[Exercise prompt] Below is a listing; retype exactly the lines between the one containing "Дизайнерские игрушки BE@RBRICK" and the one containing "Chanel Premiere M", inclusive, minus the pictures.

==================================================

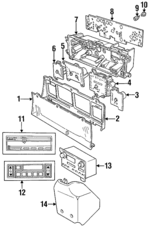 4375181 - Body: Lens for Chrysler: Imperial, New Yorker Image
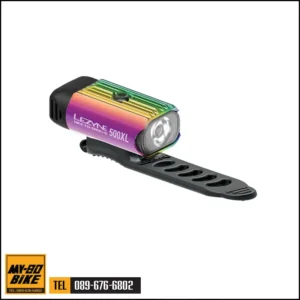 LEZYNE HECTO DRIVE 500XL NEO METALLIC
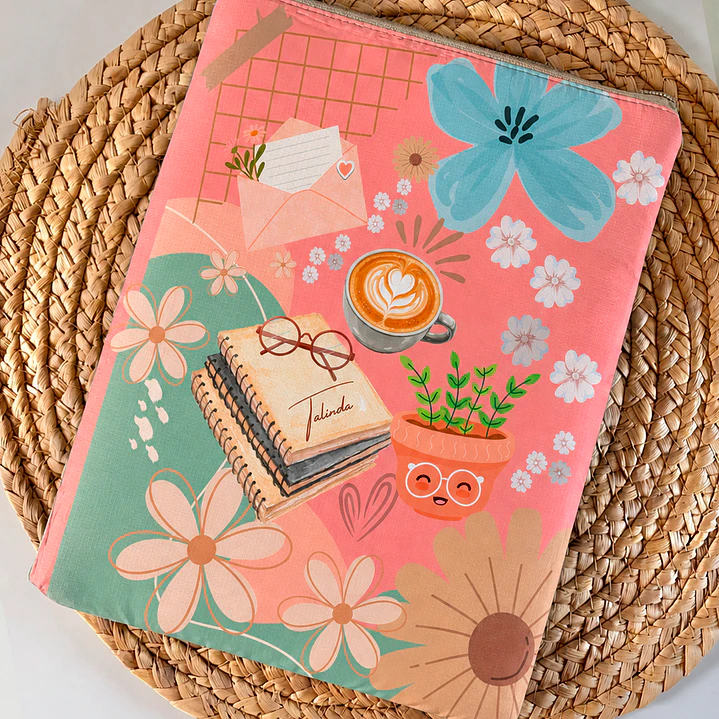 Funda Talinda con Cierre #Diseño  906 1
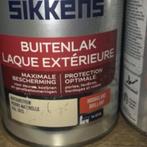 sigma sikkens en wyzonol buitenlak, Wit, Nieuw, Ophalen of Verzenden, Lak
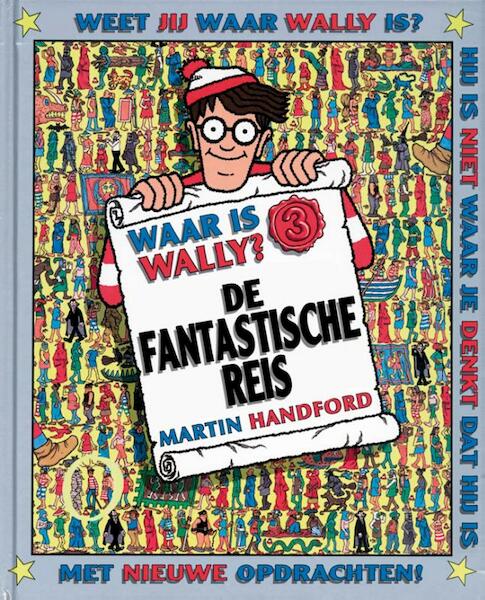Waar is Wally De fantastische reis - Martin Handford (ISBN 9789089412683)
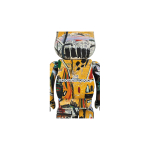 Дизайнерские игрушки BE@RBRICK Jean Michel Basquiat 7cm/28cm/70cm, Basquiat-1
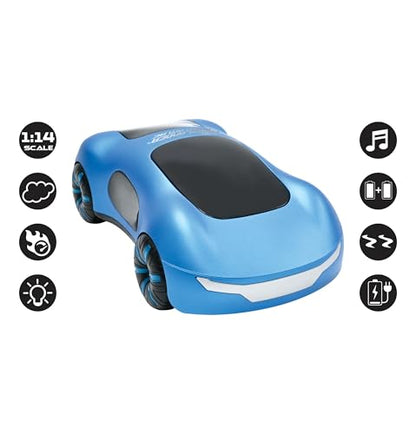 LEXiBOOK, Crosslander Phantom RC Car, RC65 | Drift mode, Smoke jets, Gesture control, Up to 15km/h - style: Crosslander Phantom RC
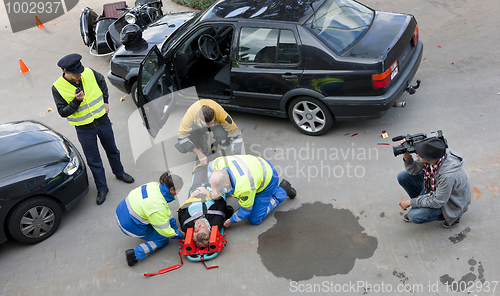 Image of Multi-disciplinary rescue team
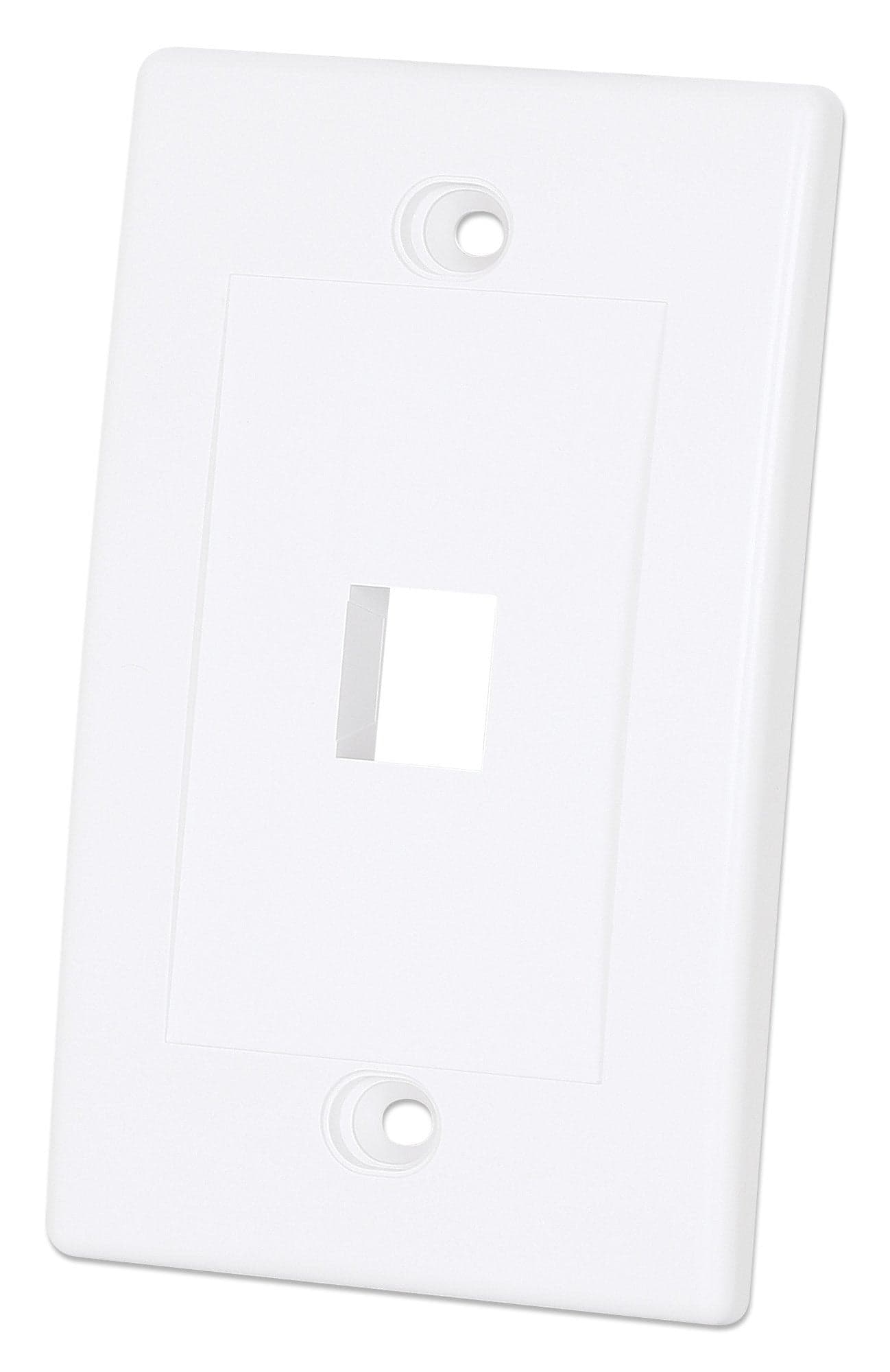Placca Porta Frutti 1 Posto Mod.503 Bianco in Placche per interruttori Scontolo.net - Potenza, commercioVirtuoso.it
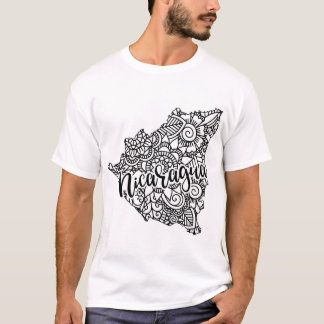 T-shirt - Nicaragua 01 - Sublimanic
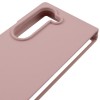 Чохол Foldables Silicone Cover Lakshmi (AAA) для Samsung Galaxy Z Fold6 Рожевий / Pink Sand
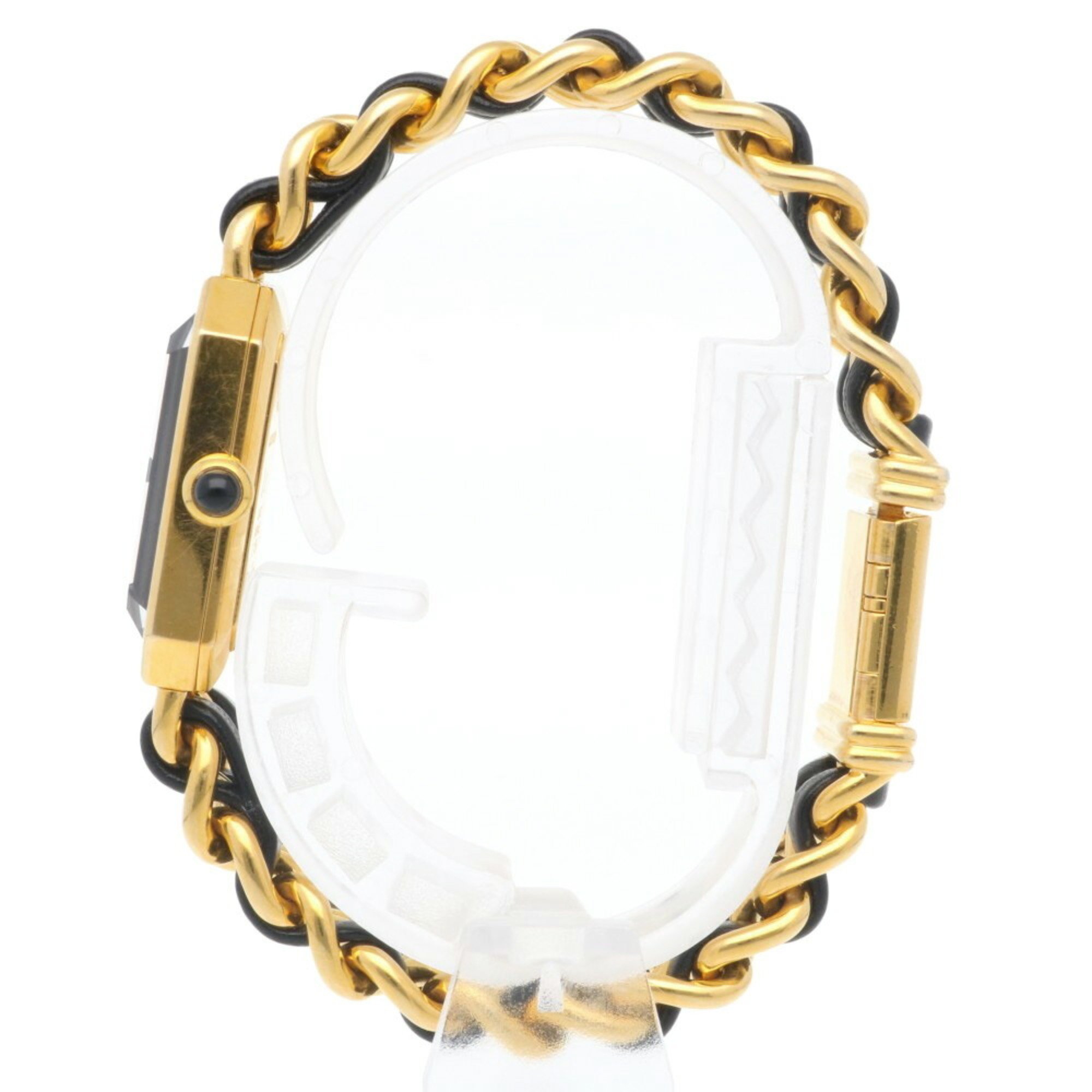 Chanel Premiere M Watch GP H0001 Quartz Ladies CHANEL Bracelet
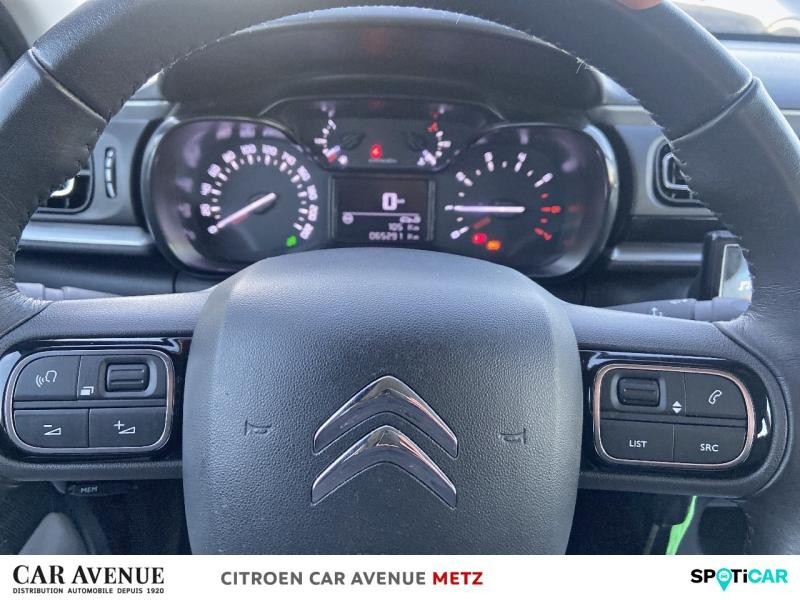Used CITROEN C3 1.5 BlueHDi 100ch S&S Shine Business E6.d 2021 Blanc Banquise (O) - Bleu Emeraude € 11980 in Metz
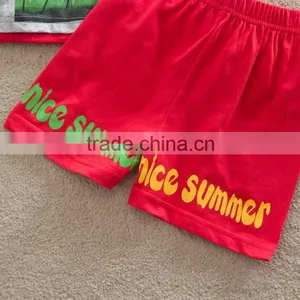 (TK1080) 6 Colors Grey 2-6Y Neat Baby Boy Summer Suits Kids Sets Cheap China Wholesale Clothing thumbnail-5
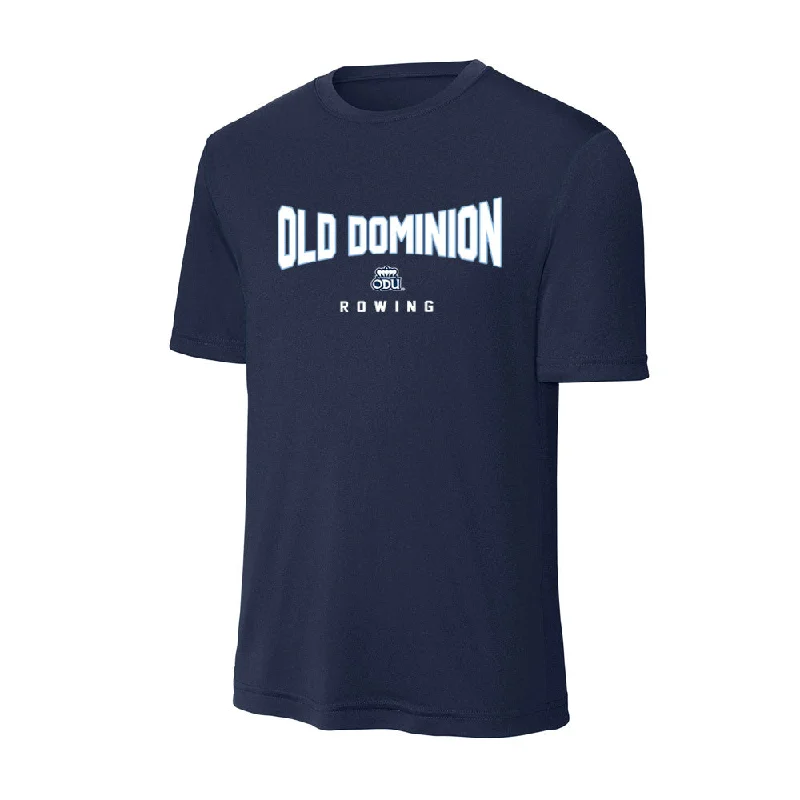 Old Dominion - NCAA Women's Rowing : Jenna Protacio - Activewear T-Shirt-- Elasticated Padded Insulated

==================================================

[Exercise solution]
 Дизайнерские игрушки BE@RBRICK Jean Michel Basquiat 7cm/28cm/70cm, Basquiat-1
 LEXiBOOK, Crosslander Phantom RC Car, RC65 | Drift mode, Smoke jets, Gesture control, Up to 15km/h - style: Crosslander Phantom RC
 Image of Multi-disciplinary rescue team
Placca Porta Frutti 1 Posto Mod.503 Bianco in Placche per interruttori Scontolo.net - Potenza, commercioVirtuoso.it
 T-shirt - Nicaragua 01 - Sublimanic
 Чохол Foldables Silicone Cover Lakshmi (AAA) для Samsung Galaxy Z Fold6 Рожевий / Pink Sand
 Chanel Premiere M Watch GP H0001 Quartz Ladies CHANEL Bracelet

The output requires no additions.